Good Judgment comes from rejecting the Happy-When Philosophy

Good Judgment comes from rejecting the Happy-When Philosophy

Making effective decisions and escaping the hedonic treadmill requires all the things we’ve talked about these few weeks:

  • The ability to keep the autopilots in check (read full article here)
  • Create space for reason and reflection (read full article here)
  • Using the principles and safeguards that make effective decisions. (read full article here)

But applying good judgment requires more.

It’s more than knowing how to get what you want. It’s also knowing which things are worth wanting and which things really matter.

Good judgment is as much about saying no as saying yes.

You can’t simply copy the life decisions of others and expect better results. If you want to live the best life you can, you need a different approach.

Knowing what to want is the most important thing.

Deep down, you already know what to do, you just need to follow your own advice. Sometimes, it’s the advice we give other people that we most need to follow ourselves.

Key Lessons from a Study that Connects Happiness with Good Judgment

There is a famous study by Gerontologist Karl Pillemer.

Gerontologists scientifically study age, the process of ageing and the specific problems of old people.

Karl Pillemer had seen numerous studies showing that people in their seventies, eighties, and beyond were happier than younger people.

He eventually authored his Book – 30 Lessons for Living: Tried and True Advice from the Wisest Americans and here are the most important lessons:

Lesson number one: Life is short!

When elders tell younger people that life is short, they’re not being pessimistic.

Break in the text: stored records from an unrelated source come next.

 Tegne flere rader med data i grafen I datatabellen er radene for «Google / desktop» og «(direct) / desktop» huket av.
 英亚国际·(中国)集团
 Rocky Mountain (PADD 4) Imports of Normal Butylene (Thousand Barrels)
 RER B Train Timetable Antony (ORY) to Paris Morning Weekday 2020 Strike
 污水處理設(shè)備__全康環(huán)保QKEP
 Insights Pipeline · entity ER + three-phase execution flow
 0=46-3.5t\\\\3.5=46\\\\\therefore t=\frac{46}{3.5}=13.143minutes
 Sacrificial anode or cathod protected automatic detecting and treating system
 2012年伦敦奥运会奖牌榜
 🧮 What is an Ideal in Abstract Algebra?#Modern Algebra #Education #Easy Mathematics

Instead, they’re trying to offer you a perspective that they hope will inspire better decisions. The older generation wants you to make choices that prioritise the things that really matter.

Time is the ultimate currency of life.

The implications of managing the short time you have on earth are like those of managing any scarce resource. You must use it wisely.

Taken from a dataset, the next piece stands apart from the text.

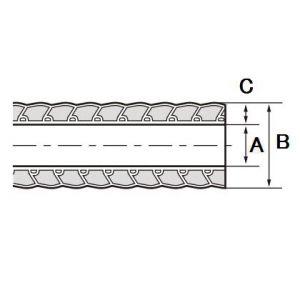 ユーシー産業 SCS断熱ドレンホース エアコン用 内径14mm 全長20m NDH-14|dendenichiba|02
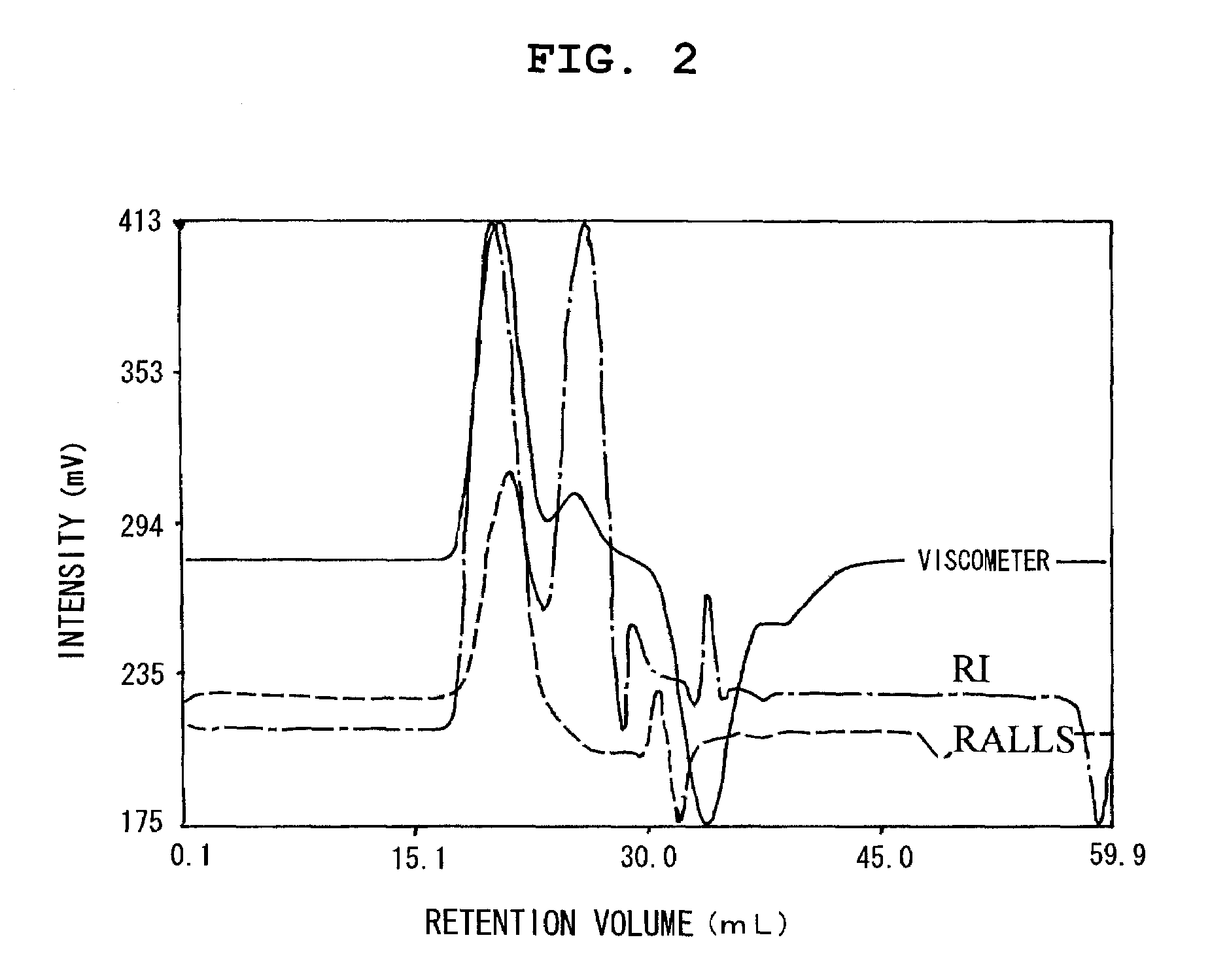 Toner with specified amounts of the THF-soluble matter having certain intrinsic viscosity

Manage time in a way that prioritises what’s most important.

Other Important Lessons from the Study by Pillemer

  • Say things now to people you care about; whether it’s expressing gratitude, asking forgiveness, or getting information.
  • Spend the maximum amount of time with your children.
  • Savour daily pleasures instead of waiting for “big-ticket items” to make you happy.
  • Work in a job you love.
  • Choose your mate carefully; don’t just rush in.

The list of things they said weren’t important was equally revealing:

  • None of them said that to be happy you should work as hard as you can to get money.
  • No one said it it mattered to be as rich as your neighbours or peers.
  • No one from the older generation said you should choose your career based on its earning potential.
  • None said they wished they had gotten revenge on someone who hurt them.

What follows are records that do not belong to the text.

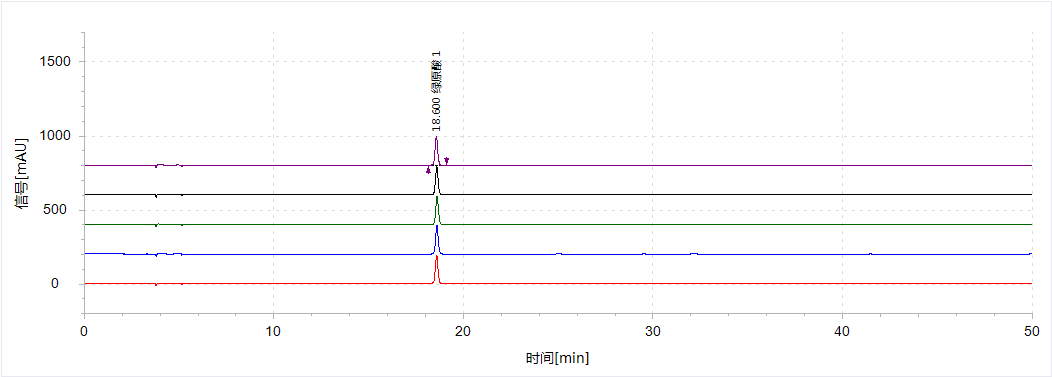 《中国药典》2025版方案——双金连合剂中山银花含量测定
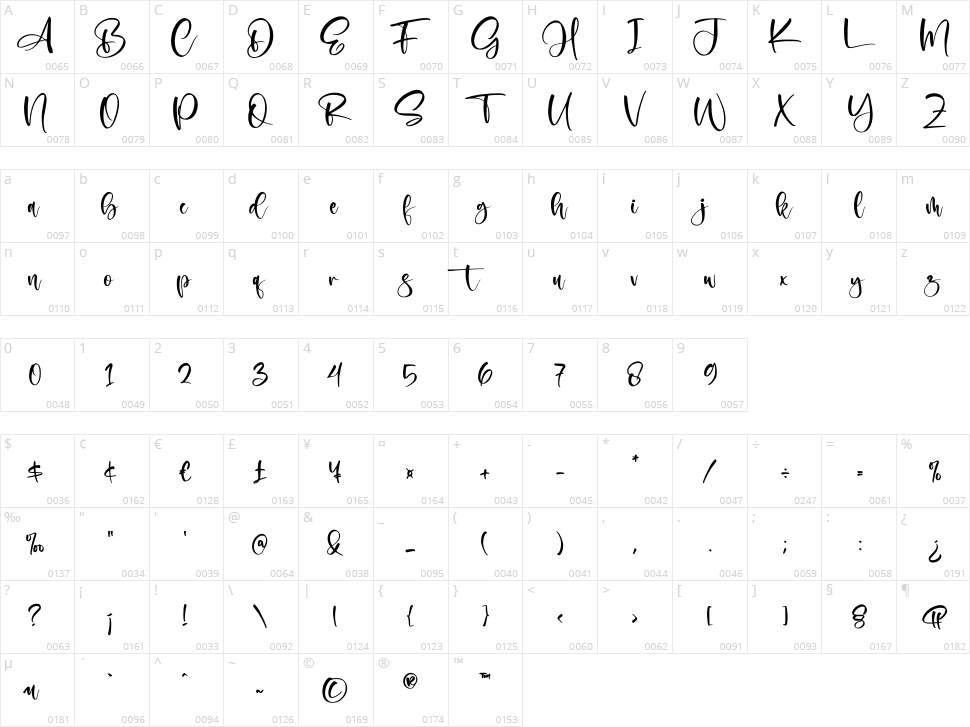 Fatherly Character Map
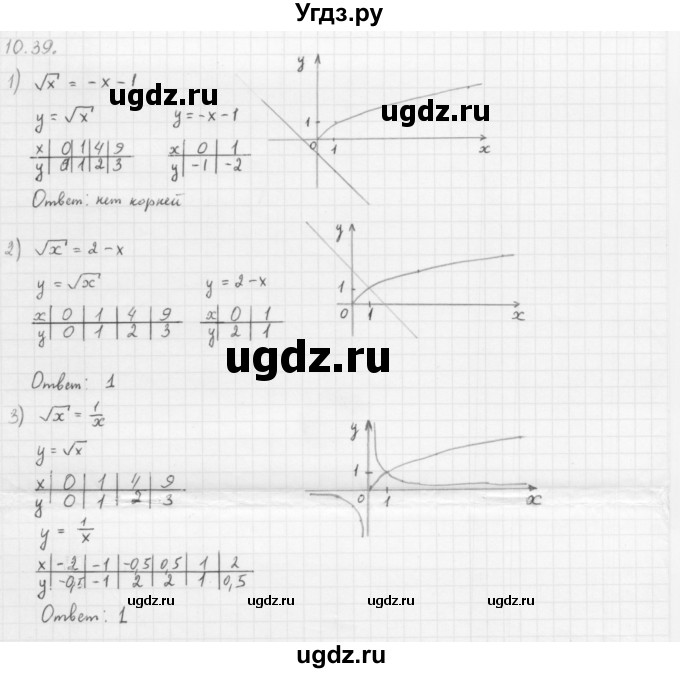 ГДЗ (Решебник к учебнику 2013) по алгебре 10 класс Мерзляк А.Г. / §10 / 10.39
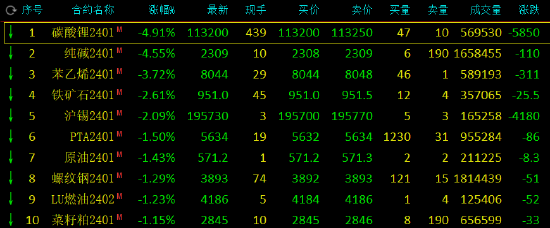 收评：沪镍涨近4%，碳酸锂、纯碱跌超4%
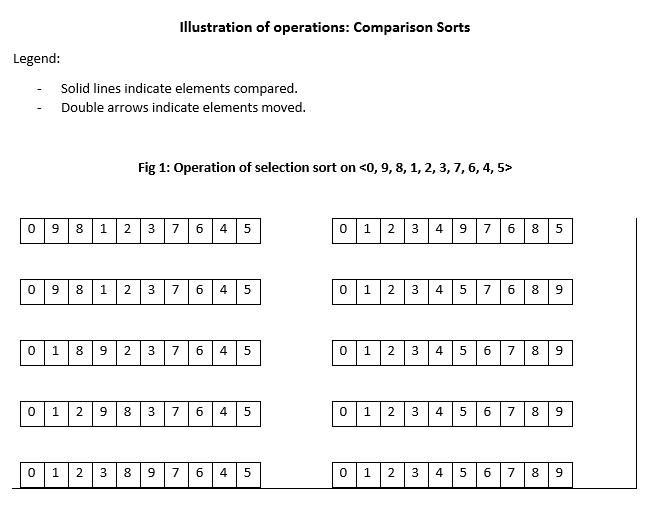 Solved 1 35 Pts Use Figures 1 3 In The Attached Chegg Com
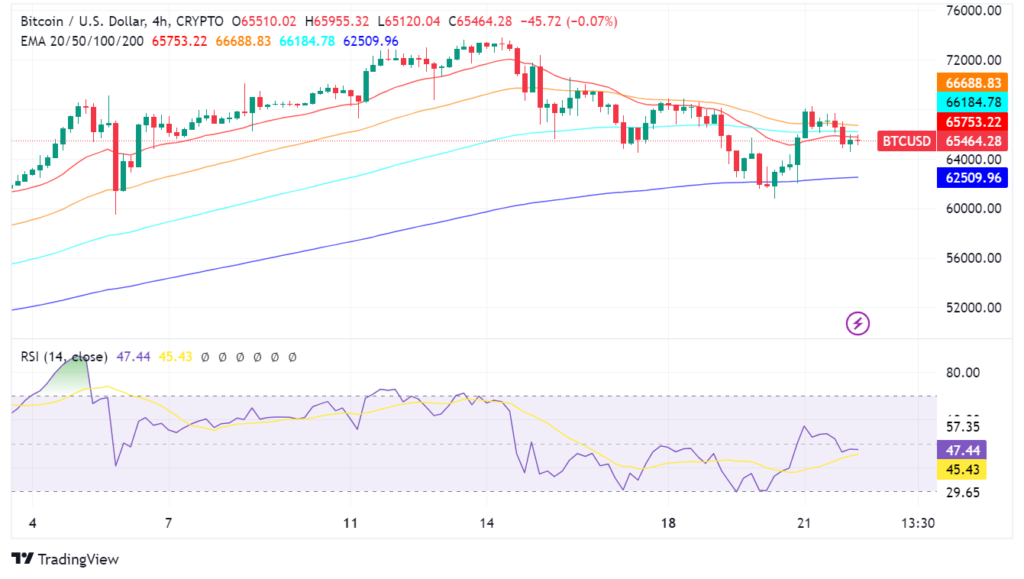 Bitcoin Dips After Fed Rally, But Analysts Stay Bullish: Key Info for Traders Today - FX Leaders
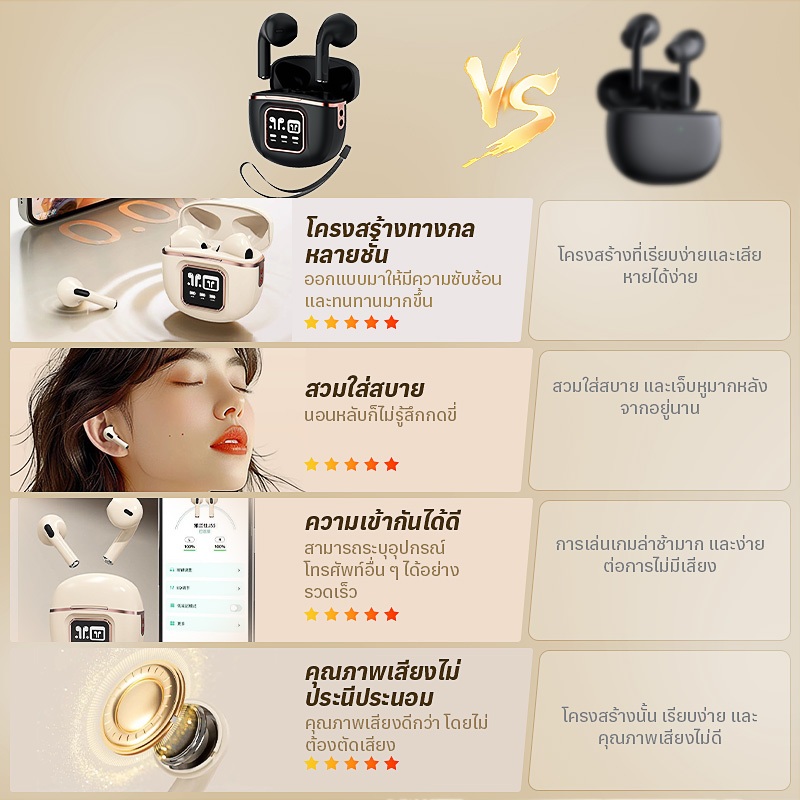 TWS J55 หูฟังไร้สายกึ่งในหูเบสหนัก HD จอแอลซีดีแบตเตอรี่จอแสดงผลลายนิ้วมือสัมผัส HD เสียงโทรต่ำหน่วงเกมหูฟังบลูทู ธ 5.3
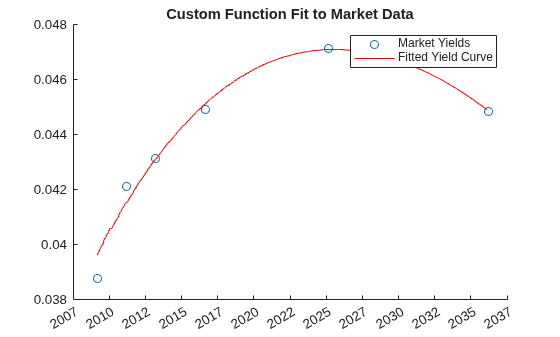 Figure contains an axes object. The axes object with title Custom Function Fit to Market Data contains 2 objects of type scatter, line. These objects represent Market Yields, Fitted Yield Curve.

And the biggest regret people had?

Worrying about things that never happened.

If there were a way of viewing things from the perspective of our elders, we might have the insight to live better lives. We can see in the way the experts do what really matters and what doesn’t.

In fact, there’s an ancient technique for doing precisely this: start thinking about the shortness of life, and it will help you see what really matters.

The Memento Mori Technique

Shifting your perspective to the end of life can help you gain insight into what really matters.

It can help you become wiser. Memento mori is a Latin phrase meaning “remember you must die.” This phrase serves as a poignant reminder of mortality and the brevity of life.

When you imagine looking back on your life from the end, the worries and wants that seem so important right now fade away. What matters instead are the things that have real, lasting meaning.

Good Judgment comes from not wasting your life

Good Judgment comes from not wasting your life

This shift in your perspective allows you to turn your future hindsight into your current foresight. It gives you a map you can use to navigate into the future.

For many of us, looking at life this way reveals that our current direction isn’t fully aligned with where we want to end up. Seeing that is a good thing!

For instance, Jobs had a daily ritual. Every morning, he would look in the mirror and ask himself, “If today were the last day of my life, would I want to do what I am about to do today?”

Knowing you’re heading in the wrong direction is the first step toward getting back on course.

When you get clear on what really matters, you can start asking yourself, “Am I making the right use of my limited time?”

How to Unlock Life Lessons from Death

Evaluating your life through the lens of your death is raw, powerful and perhaps a bit scary.

What matters most becomes clear.

You become aware of the gap between who you are and who you want to be. You see where you are and where you want to go.  Without that clarity, you lack wisdom and waste the present on things that don’t matter.

When you know the destination, how to get there becomes clearer.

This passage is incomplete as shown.